1940 Preliminary Complete Count Data: This file is the first public 100% 1940 file released through the IPUMS extract system. New versions of the data with additional variables and various improvements will be released over the next three years. A few notes about the preliminary 1940 data are below:

  • Households with more than 60 people in the original data were broken up for processing purposes. Every person in the large households are considered to be in their own household. The original large households can be identified using the variable SPLIT40, reconstructed using the variable SERIAL40, and the original count is found in the variable NUMPREC40.
  • Some variables are missing from this data set for specific enumeration districts. The enumeration districts with missing data can be identified using the variable EDMISS. These variables will be added in a future release.
  • Coded variables derived from string variables are still in progress. These variables include: occupation, industry and migration status.
  • We have allocated missing observations and edited some inconsistencies for the following variables: SURSIM, SEX, SCHOOL, RELATE, RACE, OCC1950, MTONGUE, MBPL, FBPL, BPL, MARST, EMPSTAT, CITIZEN, OWNERSHP. The flag variables indicating an allocated observation for the associated variables can be included in your extract by clicking the 'Select data quality flags' box on the extract summary page.
  • Most inconsistent information was not edited for this release, thus there are observations outside of the universe for many variables.

1880: This dataset was developed through a collaboration between the Minnesota Population Center and the Church of Latter-Day Saints; these complete count data have been available since 2008. Data are available through the North Atlantic Population Project (with names) and IPUMS-USA (without names).

1880 Linked Representative Samples: This database links records from the 1880 complete count dataset to 1% samples of the 1850 to 1930 U.S. Censuses. We have data samples for seven pairs of years: 1850-1880, 1860-1880, 1870-1880, 1880-1900, 1880-1910, 1880-1920, and 1880-1930. Each of these contains three independent linked samples: one of men, one of women, and one of married couples. Go to the Linked Samples page.

Datasets in Progress

1850: The result of a recent collaboration between Minnesota Population Center and the Church of Latter-Day Saints, the 1850 complete count database is under development.
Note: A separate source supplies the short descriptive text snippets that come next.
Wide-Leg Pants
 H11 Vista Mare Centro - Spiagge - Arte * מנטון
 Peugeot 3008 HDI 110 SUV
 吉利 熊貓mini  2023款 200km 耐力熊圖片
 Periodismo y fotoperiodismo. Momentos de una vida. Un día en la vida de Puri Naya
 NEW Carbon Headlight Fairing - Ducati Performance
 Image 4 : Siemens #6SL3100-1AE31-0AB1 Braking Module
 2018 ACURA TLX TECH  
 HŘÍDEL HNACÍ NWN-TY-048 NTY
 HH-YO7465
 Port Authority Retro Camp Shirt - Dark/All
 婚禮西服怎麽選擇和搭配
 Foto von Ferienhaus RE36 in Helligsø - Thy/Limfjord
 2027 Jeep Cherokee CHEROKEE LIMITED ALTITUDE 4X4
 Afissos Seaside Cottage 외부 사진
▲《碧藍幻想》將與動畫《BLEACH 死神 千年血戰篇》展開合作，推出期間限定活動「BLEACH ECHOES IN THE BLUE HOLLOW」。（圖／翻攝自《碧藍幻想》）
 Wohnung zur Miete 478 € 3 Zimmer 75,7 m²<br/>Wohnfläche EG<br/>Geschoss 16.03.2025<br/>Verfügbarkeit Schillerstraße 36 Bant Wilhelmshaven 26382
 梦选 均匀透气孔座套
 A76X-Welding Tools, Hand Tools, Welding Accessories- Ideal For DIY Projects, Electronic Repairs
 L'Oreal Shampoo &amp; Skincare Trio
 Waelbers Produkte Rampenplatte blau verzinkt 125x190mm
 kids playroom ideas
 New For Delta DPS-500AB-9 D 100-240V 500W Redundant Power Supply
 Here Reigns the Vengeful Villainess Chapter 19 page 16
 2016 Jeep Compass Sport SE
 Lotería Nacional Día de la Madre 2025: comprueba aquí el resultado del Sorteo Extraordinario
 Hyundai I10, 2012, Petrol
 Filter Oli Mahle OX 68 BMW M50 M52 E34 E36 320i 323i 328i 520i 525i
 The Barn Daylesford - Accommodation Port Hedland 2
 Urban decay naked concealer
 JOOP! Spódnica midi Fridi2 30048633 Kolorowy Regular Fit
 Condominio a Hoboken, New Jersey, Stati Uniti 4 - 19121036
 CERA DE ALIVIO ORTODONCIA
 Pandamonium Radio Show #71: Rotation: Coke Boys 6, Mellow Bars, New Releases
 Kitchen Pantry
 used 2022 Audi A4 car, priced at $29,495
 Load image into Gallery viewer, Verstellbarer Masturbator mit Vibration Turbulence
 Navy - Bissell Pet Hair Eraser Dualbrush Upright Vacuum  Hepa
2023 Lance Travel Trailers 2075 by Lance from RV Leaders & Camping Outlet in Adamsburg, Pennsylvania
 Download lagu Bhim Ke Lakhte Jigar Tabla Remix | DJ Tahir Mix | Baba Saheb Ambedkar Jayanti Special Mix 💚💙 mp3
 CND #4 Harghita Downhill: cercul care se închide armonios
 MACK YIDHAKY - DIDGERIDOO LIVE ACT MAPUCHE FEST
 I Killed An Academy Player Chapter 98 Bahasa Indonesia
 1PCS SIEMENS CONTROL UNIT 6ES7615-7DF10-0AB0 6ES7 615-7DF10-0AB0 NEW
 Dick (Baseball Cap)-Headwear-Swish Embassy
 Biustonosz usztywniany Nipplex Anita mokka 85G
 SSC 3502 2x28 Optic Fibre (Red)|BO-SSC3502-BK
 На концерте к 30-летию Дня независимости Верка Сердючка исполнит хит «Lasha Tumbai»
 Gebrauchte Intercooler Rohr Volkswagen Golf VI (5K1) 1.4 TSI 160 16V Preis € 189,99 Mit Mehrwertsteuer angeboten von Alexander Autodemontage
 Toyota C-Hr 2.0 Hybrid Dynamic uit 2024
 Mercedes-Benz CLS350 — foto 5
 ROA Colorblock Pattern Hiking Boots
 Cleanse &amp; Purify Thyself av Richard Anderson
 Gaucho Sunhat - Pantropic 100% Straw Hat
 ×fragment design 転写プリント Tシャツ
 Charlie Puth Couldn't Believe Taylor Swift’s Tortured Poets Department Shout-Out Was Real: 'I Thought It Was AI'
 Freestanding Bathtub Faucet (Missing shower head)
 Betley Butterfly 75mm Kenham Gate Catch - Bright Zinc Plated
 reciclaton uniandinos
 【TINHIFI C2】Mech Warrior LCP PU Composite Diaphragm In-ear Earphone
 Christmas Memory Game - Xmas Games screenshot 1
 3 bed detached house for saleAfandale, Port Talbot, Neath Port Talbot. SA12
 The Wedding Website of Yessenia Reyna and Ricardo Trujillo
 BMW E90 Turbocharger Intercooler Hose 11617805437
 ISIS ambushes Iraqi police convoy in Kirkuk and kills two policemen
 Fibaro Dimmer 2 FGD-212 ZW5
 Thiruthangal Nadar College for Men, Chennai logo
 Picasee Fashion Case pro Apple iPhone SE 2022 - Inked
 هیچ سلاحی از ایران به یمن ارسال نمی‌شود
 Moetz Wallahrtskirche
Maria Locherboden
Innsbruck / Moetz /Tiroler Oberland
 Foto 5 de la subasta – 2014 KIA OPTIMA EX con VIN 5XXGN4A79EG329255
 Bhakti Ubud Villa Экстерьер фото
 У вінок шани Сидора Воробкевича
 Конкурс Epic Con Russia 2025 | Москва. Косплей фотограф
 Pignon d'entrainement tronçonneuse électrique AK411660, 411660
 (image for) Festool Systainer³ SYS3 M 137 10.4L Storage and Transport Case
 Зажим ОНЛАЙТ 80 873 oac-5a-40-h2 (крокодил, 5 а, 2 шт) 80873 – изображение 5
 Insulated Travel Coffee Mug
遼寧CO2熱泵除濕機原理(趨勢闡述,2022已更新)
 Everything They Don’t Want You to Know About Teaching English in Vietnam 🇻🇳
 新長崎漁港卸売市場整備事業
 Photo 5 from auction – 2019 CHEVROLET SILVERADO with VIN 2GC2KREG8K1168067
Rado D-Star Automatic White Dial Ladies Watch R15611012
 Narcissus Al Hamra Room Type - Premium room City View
The data will be will be released on a rolling, state-by-state basis over the next 9 months. These data, with names, will be available from the North Atlantic Population Project (with 18 states and the District of Columbia available now). When the project is complete, a version without names will be available through the IPUMS-USA extract system.

1790-1930: Our largest new microdata collection will capitalize on the donations of an unprecedented scale of digitized census data by both Ancestry.com and FamilySearch. The 1790-1930 microdata include a core set of variables for every census year, including geographic location, age, sex, race, and name. Birthplace information is available in all but a few of the early years, and from 1880 forward the data include marital status, the relationship of each individual to the household head, and the birthplace of each individual's mother and father, allowing the identification of second-generation Americans. Other key variables such as year of immigration, duration of marriage, literacy, occupation, children ever born, children surviving, and disability are available sporadically.